El traductor va a tener en los diccionarios una herramienta de trabajo fundamental, aunque estos no consiguieran resolver todas las dificultades que surgían en la labor traductora, entre otras cosas, porque era muy complicado que todo ese nuevo vocabulario científico–técnico pudiera incluirse en los repertorios lexicográficos.
Durante este siglo, la Real Academia Española publica diez ediciones de su DRAE. Aunque el repertorio académico era más bien restrictivo en la inclusión de léxico científico–técnico, no dejará de incorporar aquellas voces más comunes de distintas disciplinas y, en cualquier caso, en muchos de sus prólogos dejará constancia de que este problema era candente por la razón, como hemos dicho, de los grandes avances científicos que conllevaban un amplio y nuevo vocabulario. Por otra parte, de manera paralela a la labor académica, se publican grandes diccionarios generales, de estilo enciclopédico, que contienen una amplísima nomenclatura, con muchos términos científico–técnicos, y definiciones extensas y explicativas.
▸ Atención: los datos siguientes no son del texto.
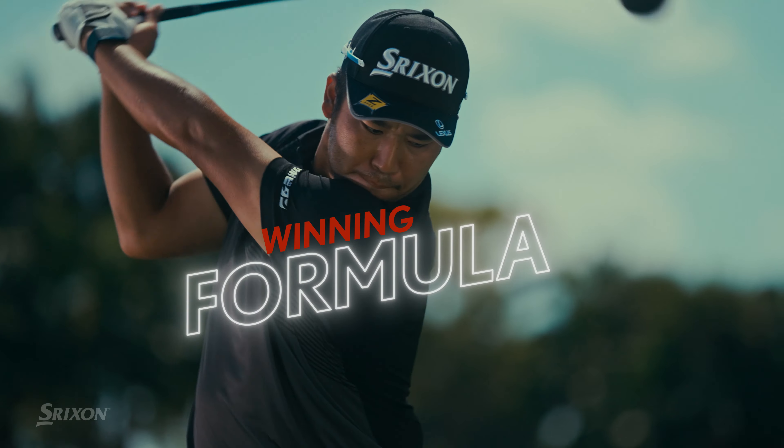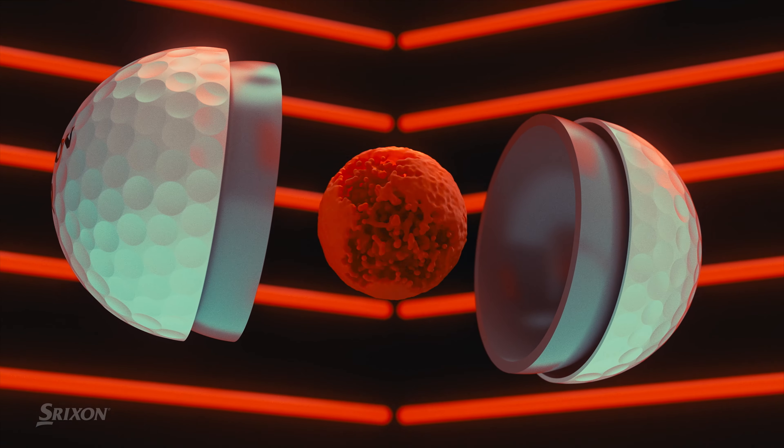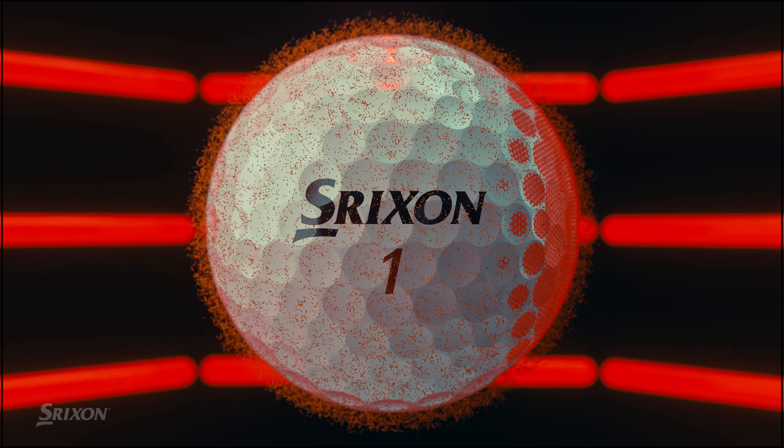Play a golf ball with a winning formula. Play Speed with the supercharged Fast Layer DG Core. Play Spin with Groove Grabbing Spin Skin Plus.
Hemos podido darnos cuenta, en los prólogos de muchos de estos diccionarios, en los prólogos de muchas traducciones que se hicieron y en otras publicaciones, de cómo el problema de los galicismos era algo que preocupaba enormemente, porque en no pocas ocasiones se realizaban traducciones defectuosas, y cuán necesarias eran las traducciones de obras científico–técnicas.
Al hilo de estas necesidades, se desarrolla enormemente la lexicografía de especialidad, con interesantes repertorios de muchos ámbitos (marina, milicia, medicina, historia natural). Además, los diccionarios bilingües español–francés serán también abundantes en esta centuria, y muchos de ellos muestran en sus prólogos la preocupación por la labor traductora y porque sus repertorios puedan contribuir a ayudar al traductor. Aunque no nos hemos detenido en ello en este trabajo, conviene recordar que también se va a desarrollar la lexicografía biblingüe del español con otras lenguas modernas, como el inglés, el italiano o el alemán.